Hurricane Rina was the most significant threat to the Cayman Islands.  Rina first focused the attention of local residents on October 23rd when it was a strong tropical depression located about 200 miles south of Grand Cayman. By the following morning, Rina was upgraded to a tropical storm and later the same day became a hurricane.

The cyclone proceeded to track very slowly to the northwest and on October 23rd and 24th the Cayman Islands National Weather Service issued severe weather bulletins  as the hurricane started to affect the Cayman area with rough seas, gusty winds and several inches of rain.

On October 25th Hurricane Rina was located 256 miles southwest of the Cayman Islands when it attained major hurricane status. The category three hurricane continued to travel slowly (approximately 3 miles an hour) to the north northwest. As it moved past Grand Cayman, large swells began to impact the south and west coasts. Waves breached the coastal road in parts of George Town and along the West Bay Road. Traffic was diverted as crews from the National Roads Authority worked to clear the road of sand and debris.

The most significant development of the 2011 Hurricane Season was the retirement of Deputy Governor Donovan Ebanks. “It is the end of an era with the departure of Mr. Ebanks,” said HMCI Director, McCleary Frederick, “He has been the champion of disaster risk reduction and a calm, rational leader in times of crisis. His leadership is appreciated and will be missed.”

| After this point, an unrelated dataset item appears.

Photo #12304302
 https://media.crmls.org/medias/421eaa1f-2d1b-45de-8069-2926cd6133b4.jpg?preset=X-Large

Mr. Donovan Ebanks played a critical role in developing Hazard Management Cayman Islands and the disaster risk reduction capacity of the Cayman Islands for nearly three decades. For many years he chaired the National Hurricane Committee and then took over leadership of the National Hazard Management Council. Mr. Ebanks was at the helm during Hurricane Ivan, one of the greatest natural disasters in Cayman’s recorded history.